長大トンネルに挟まれ、駅の下に川が流れているのが印象的な駅。
こんなロケーションになったのは、地すべり対策で大規模な線路の移設が行われたから。このあたりの旧線はサイクリングロードになっています。むかしこのあたりには、よく海水浴で来ていたのですが、海水浴場から山にへばりつくような不思議な道が見えたのを覚えています。あれが多分北陸本線の旧線だったんだろうな。
糸魚川方面のトンネルは頸城トンネル、JR以外の路線では一番長くて、11,353mもあります。
・筒石駅
その頸城トンネルのなかの駅、筒石駅。徐行気味に通過します。びー、びーと警報音が響いていたり、ホームとは別に横穴があったり…なんだか異界のような雰囲気の駅です。
「トンネルの中の駅は全国では5駅しかなく、珍しい」と放送での紹介がありました。5駅、どこだろう。たぶん山岳トンネルのことだから、上野駅の新幹線ホームとかは省くとして、、この筒石と、上越線の湯檜曽・土合、ほくほく線の美佐島、あと1つ、どこだろ?(調べたら、たぶん野岩鉄道の湯西川温泉駅ですかね)
・能生駅
1号・3号は能生駅で15分ほど停車あります。こちらも「車外には出られますが、改札からは出られません」という扱い。
なんとなく、能生騒動を想起させます。
国鉄時代に特急が止まることになり、街をあげて盛大にお祝いをして特急を出迎えるも… 実のところは、運転上の都合で停車しただけで、ドアを開けずに走り去っていった、というエピソードのある駅です。
名立で長時間停車する急行2号も、なぜか能生で2分だけ停まり、しかも無常に「すぐの発車ですので車内でお待ち下さい」なんて放送があります。運転の都合なのか、それともやっぱり能生騒動を意識してるんでしょうか?
先頭車両から降りようとしたら、雪。
気づいた駅員さんが慌てて雪かきをしてくれました(ありがとうございます)。普段止まる列車は長くて2両編成ですし、ちょっと予想外、という感じでしょうか。
反対ホームに行って写真を撮っても余裕なくらい時間があります。
・デッドセクション
電源の切り替えがあるため車内少し暗くなります、という放送があり、梶屋敷駅~糸魚川駅間の交直デッドセクションを通過します。
明るい時間の便だと、あー消えているなあ、くらい。
第三セクター化にともない、普通列車がすべてディーゼルカーになり、こちらは(そもそも架線からの電気で走らないので)電源切替の影響を受けません。これを体験できるのはこの急行だけでしょうか。

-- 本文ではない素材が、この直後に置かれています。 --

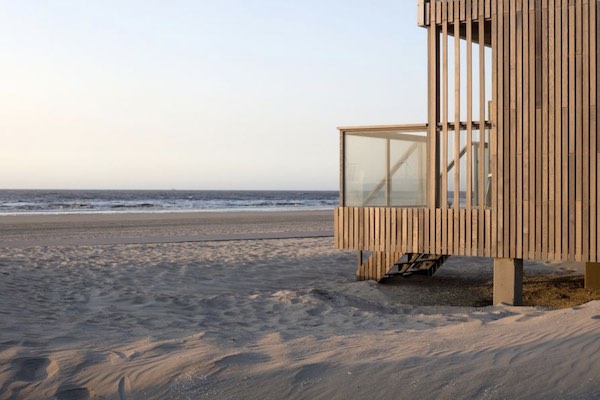 LARGO Hoek van Holland: Wakker worden met uitzicht op zee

このデッドセクションのすぐそばに、最近新駅「えちご押上ヒスイ海岸」駅ができました。(あ、だからいまは「梶屋敷ーえちご押上ひすい海岸 間のデッドセクション」になるのか…)
電車時代は、うっかりデッドセクション内で止まってしまうと動けなくなるため、安全を考えると駅を作りたくても作れなかった、とされています。全車ディーゼルカーの今なら特に問題ないのでしょう
それにしても、会社名・路線名・駅名を「えちごトキめき鉄道日本海ひすいラインえちご押上ひすい海岸駅」って繋げると、とても長くなり寿限無のようです。
・糸魚川駅
3号はここで終着駅。1・2号では糸魚川駅は途中駅ですが、ここでも15分程度の停車時間があります。撮影・観察タイム!
また、駅舎アルプス口には、マニアが無限に時間を潰せそうなスポットがあります。大糸線のキハ52とか東洋活性白土の蒸気機関車とか、トワイライトエクスプレスの再現モックアップとか、鉄道模型ジオラマとか鉄道グッズの展示とか…いろいろあります。
私も3号で糸魚川に着いてからざっくり見ましたが、これは危険ですね!帰れなくなるやつ。またじっくり見に来たい。
糸魚川ー市振(1・2号)
急行1号・2号は富山新潟県境ちかくの市振駅着・発の運行です。
・姫川橋梁
ヒスイでおなじみ?、姫川を渡ります。糸魚川駅で乗り換えられる大糸線は、この川に沿って長野県まで登ってゆきます。
・親不知子不知
天下の険、親不知子不知。親不知駅付近では、国道8号と北陸自動車道が海にせり出して通されていて、自然の、そして交通の凄まじさを感じる景観です。
JR北陸本線時代に一度この駅に訪れています。波の音に車の音に、すごいところ。逆に、駅舎や近くの集落は静かで、なんとも不思議な空間でした…。
線路は駅の部分だけ顔を出していて、その前後はトンネルで抜けています。本当に険しい地形です。
・市振駅
あいの風とやま鉄道、と、えちごトキめき鉄道の境界駅、市振。ディーゼルカーの普通列車は富山県側の泊駅まで直通しますが、急行はこの駅で折り返し。
駅の海側にはものものしい柵があり、海が見えづらいですが… あの柵の向こうはすぐ海岸線、これがないと荒れた日本海の大波をモロに被ってしまうんでしょう。
無人駅ですが、立派な駅舎。財産標にはなんと「明治41年」の文字…つまり1908年竣工ですから、もう100年以上使われています。鉄道開通(大正元年/1912年)よりも前から工事拠点として使われていた、歴史ある駅舎です。
乗車ログ:◆急行4号
糸魚川駅16時40発の急行4号は、先の急行1・2・3号と随分雰囲気が違います。
最高時速110kmで40kmを28分で走破する、と放送がありました。なんと表定時速にして85km/h。先の便であった「急いで行かない列車」の下りもなく、こちらはガチでの走りを楽しむ趣向となっているようです。せっかくなので、モーター付きの413系に乗車して走行音を味わいましょう。
冬のこの時間はもう日没で、どんよりと曇った空はどんどん暗くなります。デッドセクションでの消灯もはっきりと車内が暗くなり、非常灯だけが車内を照らします。
駅も高速で通過。途中停車駅はありません。
外はとっぷり暮れました。ひたすら走行音に浸ります。
そういえば、切符拝見と物販は来ましたが、神社は来ませんでした。3号でもうちょっとお賽銭しとけばよかった!
直江津に到着。1番線です。
1番線なら駅の外からもよく見えるので…ちょっと写真を撮りに。このあと発車シーンがみたいな、と、しばらく粘りましたが、18時まで特に動きはありませんでした。タイムアップ。
直江津8時43分発→直江津17時8分着、と、結局一日乗り回してしまいました。トキ鉄線内をくまなく走り回り、途中長時間停車もあったり、最後にはガチの高速走行…と、ぜんぜん飽きの来ない楽しい旅でした。
むすび
いまのところ、検査期限の切れる2023年の春までは走る…らしいです。経済効果によってはもう少し伸びるかも、らしいですが。
走るのが確実なのはあと1年間、沿線での撮影もしてみたいし、もう一度くらいは行かねば。